It is important that richer information features of the apple data were constructed for the model to identify targets. ’Yantai Red Fuji’ apples were purchased form RT-MART supermarket in Jinan, Shandong Province. In order to increase the accuracy and robustness of recognition model, the time, angle and light intensity of the image collection were different. In total, 3600 original images (a resolution of 3120 × 4160) were obtained by the same mobile camera (13 mega-pixels, F-Stop = f/2, Exposure time = 1/50 s, ISO speed = 151, Focal length = 4 mm, Redmi Note 4X, China)²⁸, which were then divided into three categories of premium, middle and poor grade. The process of images capturing using mobile camera was shown in Fig. 1.

Figure 1

The process of images capturing using mobile camera.

The problem of insufficient size of the training dataset has been solved by techniques of data augmentation²⁹. In the case of insufficient dataset, a direct and effective way of data enhancement technology can increase the diversity of training samples, improve the robustness of the model, and avoid overfitting. Changing the training samples can reduce the dependence of the model on some attributes or features using data augmentation technology. The more valuable data based on existing dataset were created by data augmentation strategy. As a result, the performance and robustness of model were improved. In order to reduce the calculation time of data augmentation, the pixels of the original pictures were zoomed out images with a quarter of the original images (a resolution of 780 × 1040). A few sample images in each class were shown in Fig. 2.

Figure 2

A few of images of premium (a), middle (b) and poor (c) grade apples.

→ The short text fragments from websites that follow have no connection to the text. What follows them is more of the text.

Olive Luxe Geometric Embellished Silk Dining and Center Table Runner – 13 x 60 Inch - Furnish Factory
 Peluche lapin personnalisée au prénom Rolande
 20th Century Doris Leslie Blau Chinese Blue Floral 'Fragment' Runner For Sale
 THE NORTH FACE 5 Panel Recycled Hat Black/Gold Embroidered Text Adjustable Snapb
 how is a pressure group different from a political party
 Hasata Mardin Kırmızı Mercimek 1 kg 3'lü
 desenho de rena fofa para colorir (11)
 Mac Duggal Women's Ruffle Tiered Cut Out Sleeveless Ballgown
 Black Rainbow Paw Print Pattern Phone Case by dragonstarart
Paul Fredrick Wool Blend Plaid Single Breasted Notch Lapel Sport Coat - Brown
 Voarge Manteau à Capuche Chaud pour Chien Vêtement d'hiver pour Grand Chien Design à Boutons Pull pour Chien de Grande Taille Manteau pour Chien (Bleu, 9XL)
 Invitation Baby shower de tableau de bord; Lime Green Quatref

In this work, several augmentation techniques without changing the semantics of the images were applied in each scaled-down image such as increasing salt and pepper noise, increasing Gaussian noise, flips, rotation, brightness, and darkness operation. The noise density of salt and pepper noise was 0.3. The operation of increasing Gaussian noise prevented effectively the neural network from fitting all the features of the input image. The manipulation of horizontal flips was used. The percentage of brightness and darkness was respective 1.5 and 0.9. The manipulation of rotation was used to each sub-image, which could generate other five sub-images at 60°, 120°, 180°, 240°, and 300°. Finally, 36,000 apples sub-images were obtained. Augmented sub-images were shown in Fig. 3. The training and validation sets were independent and randomly sampled form 36,000 apple sub-images dataset with proportion of 80% and 20% (28,800 for training, 7200 for validation).

Figure 3

Representative augmented images: (a) increasing salt and pepper noise; (b) increasing Gaussian noise; (c) brightness; (d) darkness; (e) flips; (f) rotation at 180°.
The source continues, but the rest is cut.